Ahead of its UK release on August 9th, we spoke to Graham about working with an acting legend and the themes of his enigmatic film.
How did Willem Dafoe get involved with the film?
It was Carlos Reygadas, who I worked for on Post Tenebras Lux, who sent an early draft of the script to Willem Dafoe. The two of them are friends. Carlos suggested Willem talk with me and he did just that, phoning me one afternoon in late 2012. He seemed very interested and engaged by the script and over the following three or four years remained so even when, at one rather desperate point, it looked like the project would fall through. Finally, in October 2015, when the movie was green lit, we were all systems go. If it weren't for his commitment to the film and his belief in me I doubt it would ever have been made.
What was it like working with the man who once played Jesus?

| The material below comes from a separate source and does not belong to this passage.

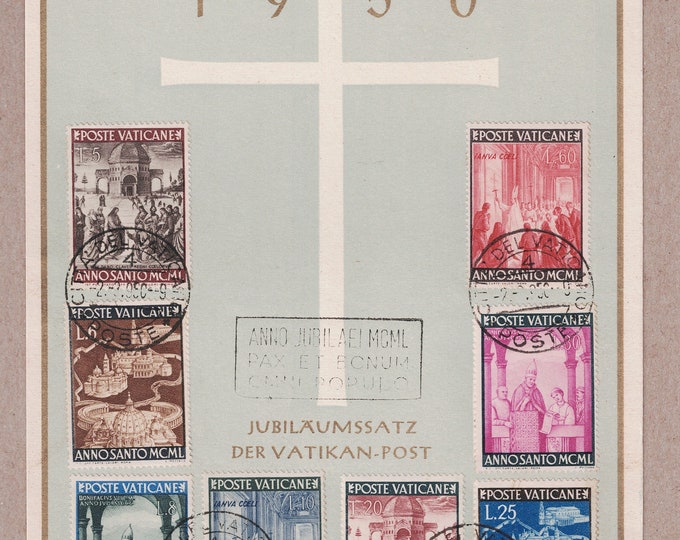 1950 Holy Year Vatican City Commemorative Card With Eight Postage Stamps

Challenging, educational and revealing. I visited him in Rome in August 2016, three months before shooting, to read through the script with him. On day one he immediately started drawing through the dialogue with a pen, editing it to suit his style. I must have looked a little shocked because he said to me, "If you want this dialogue performed exactly as written then you're going to need a better actor," which I thought was a pretty remarkable thing to hear from the man who, as you say, played Jesus, not to mention TS Eliot, Pier Paolo Pasolini and Max Schreck. Much later I was thankful he didn't perform my dialogue as written for it would have resulted in a pretty tedious character. Willem's magic was to take ownership of my dialogue and make it sound like his own thoughts. That's why he carries the role so well. Even when wrangling with some weighty ideas he still manages to make it sound effortless and natural and not like an actor wrestling with a text that is dense. I can't honestly say I did much 'directing' of Willem; he did that mostly himself and he was probably right to, most of the time. Had it been up to me we would have probably spent half a day contemplating something that Willem already had an answer for based on his many many years experience in cinema and in theatre. By this I mean both practical things and theoretical matters. For me it was like a crash course in advanced filmmaking. Of course the argument could be made that if a director casts their film well enough you shouldn't need to do a great deal of directing. I did find however that actors, being highly instinctive and not necessarily intellectual in the application of their craft, prefer concise directions rather than speculative, esoteric ramblings. You can do that during rehearsals and prep maybe, but when shooting you need to get on with it.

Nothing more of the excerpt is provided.